Member Exclusive   /   January 29, 2020

Why Express’ path to profitability is fraught with obstacles

This month Express became the latest national retailer to announce a swathe of store closures.

The retailer will now close 100 of its 650 stores in the next two years. It’s a piece of its wider strategy to bring Express back into profitability, a plan the retail is calling the “Expressway Forward” plan. It involves a shifted focus to more streamlined merchandise offerings and investing in online sales.

CEO Tim Baxter said in the announcement that he expects the company “will return to a mid-single-digit operating margin through a combination of low-single-digit comp sales growth, margin expansion and cost reductions.” The company said the plan includes $80 million in annual cost reduction, of which $25 million will account “for process improvements, inventory optimization and systems implementations associated with its go-to-market transformation.”

But what ails Express is multifaceted, and with a combination of factors that include dwindling brick and mortar traffic, customers’ preference for online shopping and a lack of a strong brand identity in comparison to newer retailers. All this points to a larger problem for retail, which contributed to Express’ disappointing holiday sales recently.

The decision also seems obvious amid the ongoing brick and mortar troubles many retailers are facing, said Shelly Socol, co-founder of e-commerce agency One Rockwell, which has worked with retail brands likeMara Hoffman and LeSportsac.

“Their stock went up by 20% after the announcement, so obviously it was a smart decision to their shareholders,” noted Socol. She went on to point out the decline of “mall culture” among Generation Z shoppers as one of the factors in Express’ inability to adapt to today’s fashion market.

With the majority of Express’ non-outlet storefronts — about 411 — located within shopping malls, the decrease of overall traffic further contributed to Express’ drop in sales. This issue has been felt by many U.S. malls in the past year, with retailers shutting down nearly 8,996 stores while opening 3,792, according to November 2019 data by Coresight Research.

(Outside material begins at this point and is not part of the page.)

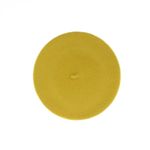 Fashion, accesorii si bijuterii - Copii - Accesorii copii - Caciuli si palarii copii - Bereta de copii, din 90% lana 10% nailon, ButicCochet, one size, Galben - BSC660 - Infinity.ro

Express’ struggle in recent years also coincided with the rise in fast fashion, with many shoppers choosing to go to Zara or H&M for everyday basics or even workwear. The popularity of readily-available trends helped the fast fashion industry hit $35 billion in 2018, with expectations it’ll continue growing further in the next 10 years. And with the arrival of newer, digitally-native retailers such as Reformation and Everlane popping up, Express lost ground in marketing its clothing to a market looking for more conscious purchases. Whereas Express has largely relied on traditional advertising over the years, this new crop of companies has built customer loyalty by emphasizing shared values, such as support for sustainability and ethical manufacturing practices.

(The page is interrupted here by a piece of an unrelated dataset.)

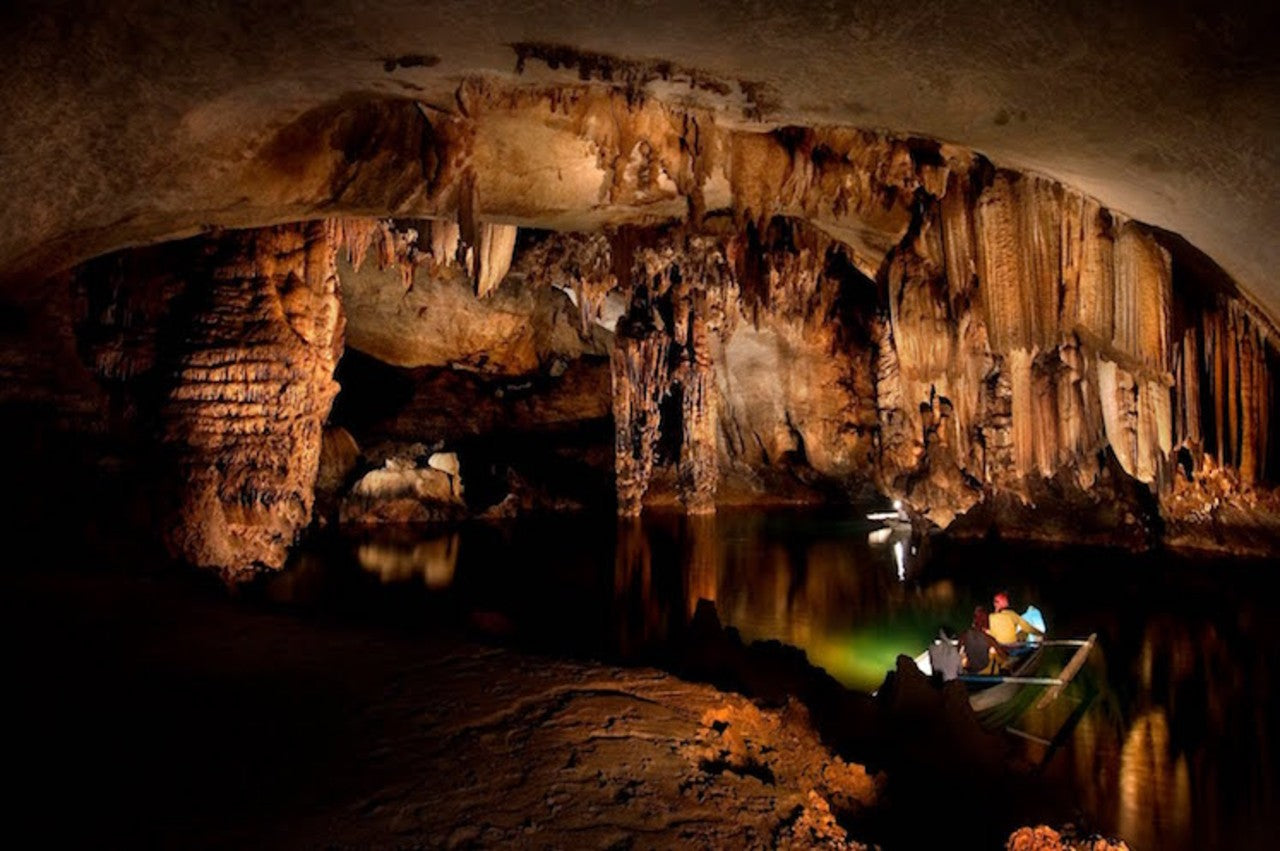 Palawan, Philippines: Underground River Tour Adventure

An Express spokesperson was not able to provide a comment on these issues beyond its prior statement.

“They haven’t been able to communicate to their target shopper that they’re still around and selling essentials, and so they’ve lost who they are as a brand,” said Socol, who said that like Forever 21, Express now faces the challenge of rebuilding its business model after trimming the fat.

“If they’re going to make a leap to e-commerce as they’re saying, they’ll need to really commit to bringing in fresh talent to take on this saturated market.”